Drake went inside, retrieved two more beers and popped the tops off using his new knife. He handed one to Allie and returned to his seat.
“What about you, Allie? Seeing as we’re going to be going into the deepest darkest reaches of the rainforest together. What are you all about?” he asked, his tone light but the question serious.
“What is there to tell? I’m just a girl. Grew up without a mother, for the most part. Spent most of my time working my ass off in school. And then trying to find a job. There’s not a lot more. It’s not like I have some fascinating hobby or anything. Just a girl out in the world trying to get by.”
“That’s it? There’s always more. Come on. Give.”
“Okay. I’m also a serial killer. Been abducting hot young male hitchhikers for the last five years, keeping them locked in the basement to pleasure me, and then offing them when I grow bored. Oh, and I cook ’em and eat ’em like that Hannibal dude.”
“Sounds like you’re not getting enough fiber in your diet.”
“Or greens. It’s really hard to prepare a balanced hitchhiker meal.”
They sat comfortably, bantering easily for another fifteen minutes, but when they mounted the stairs to the bedrooms, Drake knew little more about Allie than he had that morning. A part of him wondered what she was hiding or defending against, but another cautioned against being too interested. He needed to work with Jack, and that would be almost impossible if Allie and he became a thing.
Morning came too soon, and he was still groggy when he descended with his bag. Allie and Jack were at the dining room table, drinking coffee and nibbling at their plates.
“Hey.
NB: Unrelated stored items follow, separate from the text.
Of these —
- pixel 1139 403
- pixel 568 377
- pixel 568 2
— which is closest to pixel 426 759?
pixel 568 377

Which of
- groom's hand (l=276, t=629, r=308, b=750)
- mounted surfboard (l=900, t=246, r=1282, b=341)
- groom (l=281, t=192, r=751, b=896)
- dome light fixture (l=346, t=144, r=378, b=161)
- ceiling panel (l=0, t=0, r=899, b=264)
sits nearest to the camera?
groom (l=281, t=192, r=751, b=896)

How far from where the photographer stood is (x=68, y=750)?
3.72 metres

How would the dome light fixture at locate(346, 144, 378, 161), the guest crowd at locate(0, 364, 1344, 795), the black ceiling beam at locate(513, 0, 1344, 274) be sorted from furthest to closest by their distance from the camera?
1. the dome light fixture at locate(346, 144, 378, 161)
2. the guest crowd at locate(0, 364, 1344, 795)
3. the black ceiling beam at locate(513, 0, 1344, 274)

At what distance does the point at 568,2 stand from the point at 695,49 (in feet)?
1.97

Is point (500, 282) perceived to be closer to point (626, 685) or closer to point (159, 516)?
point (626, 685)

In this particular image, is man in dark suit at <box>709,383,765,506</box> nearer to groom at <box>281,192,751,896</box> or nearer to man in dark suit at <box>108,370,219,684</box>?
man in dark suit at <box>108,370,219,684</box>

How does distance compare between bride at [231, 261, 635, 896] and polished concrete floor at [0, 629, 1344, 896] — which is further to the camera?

Good morning. There are some more eggs on the stove. Just heat them up for thirty seconds and you should be golden,” she said as he dropped his backpack near the door.
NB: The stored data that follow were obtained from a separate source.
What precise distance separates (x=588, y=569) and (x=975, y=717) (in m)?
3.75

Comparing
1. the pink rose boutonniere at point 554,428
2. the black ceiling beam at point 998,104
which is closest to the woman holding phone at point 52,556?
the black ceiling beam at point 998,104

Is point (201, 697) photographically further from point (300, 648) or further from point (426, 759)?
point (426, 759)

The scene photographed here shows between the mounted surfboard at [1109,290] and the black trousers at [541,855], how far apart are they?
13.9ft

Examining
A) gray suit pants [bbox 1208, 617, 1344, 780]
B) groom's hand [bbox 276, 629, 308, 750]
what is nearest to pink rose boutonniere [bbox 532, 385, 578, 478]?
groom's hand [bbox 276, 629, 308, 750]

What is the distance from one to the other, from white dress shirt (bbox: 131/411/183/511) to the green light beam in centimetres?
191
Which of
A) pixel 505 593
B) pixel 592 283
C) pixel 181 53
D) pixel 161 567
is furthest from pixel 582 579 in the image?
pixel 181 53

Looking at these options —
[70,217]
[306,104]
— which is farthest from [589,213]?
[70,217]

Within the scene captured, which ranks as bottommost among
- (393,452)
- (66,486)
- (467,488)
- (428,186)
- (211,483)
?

“Thanks.” He helped himself, preferring to wolf his breakfast down lukewarm from the pan. Two minutes later he sat down across from them with a mug of steaming coffee and checked the time. “At least I’m not late.”
“You’ll find that once we’re in the jungle, you’ll be rising at dawn,” Jack said. No greeting. Just a terse warning. Drake had already grown accustomed to his abrupt style, so he merely nodded.
A car approached the front of the house, its exhaust burbling from a deteriorated muffler, and they quickly finished their coffee and rose.
“I’ve got to take care of Paolo. Go ahead and load the stuff into the car. I’ll be right back,” Jack said as he moved to the door. Drake and Allie hefted the bags and followed him out into the bright sunlight. The heat was already rising and the atmosphere humid, as it had been since their arrival in the tropics. The driver, a tall black man with a shaved head, helped them load the luggage into the battered sedan, and when Jack returned they all piled in, Jack in the front seat, Drake and Allie in the rear.